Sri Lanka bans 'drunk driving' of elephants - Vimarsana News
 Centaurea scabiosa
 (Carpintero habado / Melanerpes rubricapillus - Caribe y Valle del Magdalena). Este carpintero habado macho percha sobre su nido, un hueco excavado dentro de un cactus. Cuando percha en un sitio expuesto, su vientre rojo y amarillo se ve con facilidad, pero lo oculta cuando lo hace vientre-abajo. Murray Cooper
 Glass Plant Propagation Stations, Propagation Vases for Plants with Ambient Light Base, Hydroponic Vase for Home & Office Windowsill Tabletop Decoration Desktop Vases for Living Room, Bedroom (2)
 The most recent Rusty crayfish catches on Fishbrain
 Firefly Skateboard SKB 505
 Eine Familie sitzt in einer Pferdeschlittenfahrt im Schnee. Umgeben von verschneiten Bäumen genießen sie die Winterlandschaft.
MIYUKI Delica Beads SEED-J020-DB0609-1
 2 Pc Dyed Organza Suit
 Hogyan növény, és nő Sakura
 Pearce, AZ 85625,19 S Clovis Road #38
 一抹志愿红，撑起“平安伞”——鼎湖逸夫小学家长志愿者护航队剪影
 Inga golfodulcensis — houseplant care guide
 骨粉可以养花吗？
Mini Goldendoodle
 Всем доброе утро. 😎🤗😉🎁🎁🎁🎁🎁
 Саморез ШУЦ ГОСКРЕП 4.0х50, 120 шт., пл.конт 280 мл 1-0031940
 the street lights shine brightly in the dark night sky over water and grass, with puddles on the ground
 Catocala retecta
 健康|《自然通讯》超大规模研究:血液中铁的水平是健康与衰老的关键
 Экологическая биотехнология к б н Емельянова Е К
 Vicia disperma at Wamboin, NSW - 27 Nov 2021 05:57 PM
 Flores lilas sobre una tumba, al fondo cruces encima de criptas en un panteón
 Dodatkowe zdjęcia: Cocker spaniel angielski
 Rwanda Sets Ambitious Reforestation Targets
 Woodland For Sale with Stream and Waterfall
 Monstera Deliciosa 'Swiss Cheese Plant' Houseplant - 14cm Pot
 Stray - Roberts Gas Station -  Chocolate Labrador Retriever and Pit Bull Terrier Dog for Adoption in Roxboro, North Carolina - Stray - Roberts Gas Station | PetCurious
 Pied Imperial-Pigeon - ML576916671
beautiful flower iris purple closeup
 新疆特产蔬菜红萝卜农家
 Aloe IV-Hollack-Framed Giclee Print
+++++
*REQUIRED ACTION*
Repeat the records word for word.

*YOUR SOLUTION*
Sri Lanka bans 'drunk driving' of elephants - Vimarsana News
 Centaurea scabiosa
 (Carpintero habado / Melanerpes rubricapillus - Caribe y Valle del Magdalena). Este carpintero habado macho percha sobre su nido, un hueco excavado dentro de un cactus. Cuando percha en un sitio expuesto, su vientre rojo y amarillo se ve con facilidad, pero lo oculta cuando lo hace vientre-abajo. Murray Cooper
 Glass Plant Propagation Stations, Propagation Vases for Plants with Ambient Light Base, Hydroponic Vase for Home & Office Windowsill Tabletop Decoration Desktop Vases for Living Room, Bedroom (2)
 The most recent Rusty crayfish catches on Fishbrain
 Firefly Skateboard SKB 505
 Eine Familie sitzt in einer Pferdeschlittenfahrt im Schnee. Umgeben von verschneiten Bäumen genießen sie die Winterlandschaft.
MIYUKI Delica Beads SEED-J020-DB0609-1
 2 Pc Dyed Organza Suit
 Hogyan növény, és nő Sakura
 Pearce, AZ 85625,19 S Clovis Road #38
 一抹志愿红，撑起“平安伞”——鼎湖逸夫小学家长志愿者护航队剪影
 Inga golfodulcensis — houseplant care guide
 骨粉可以养花吗？
Mini Goldendoodle
 Всем доброе утро. 😎🤗😉🎁🎁🎁🎁🎁
 Саморез ШУЦ ГОСКРЕП 4.0х50, 120 шт., пл.конт 280 мл 1-0031940
 the street lights shine brightly in the dark night sky over water and grass, with puddles on the ground
 Catocala retecta
 健康|《自然通讯》超大规模研究:血液中铁的水平是健康与衰老的关键
 Экологическая биотехнология к б н Емельянова Е К
 Vicia disperma at Wamboin, NSW - 27 Nov 2021 05:57 PM
 Flores lilas sobre una tumba, al fondo cruces encima de criptas en un panteón
 Dodatkowe zdjęcia: Cocker spaniel angielski
 Rwanda Sets Ambitious Reforestation Targets
 Woodland For Sale with Stream and Waterfall
 Monstera Deliciosa 'Swiss Cheese Plant' Houseplant - 14cm Pot
 Stray - Roberts Gas Station -  Chocolate Labrador Retriever and Pit Bull Terrier Dog for Adoption in Roxboro, North Carolina - Stray - Roberts Gas Station | PetCurious
 Pied Imperial-Pigeon - ML576916671
beautiful flower iris purple closeup
 新疆特产蔬菜红萝卜农家
 Aloe IV-Hollack-Framed Giclee Print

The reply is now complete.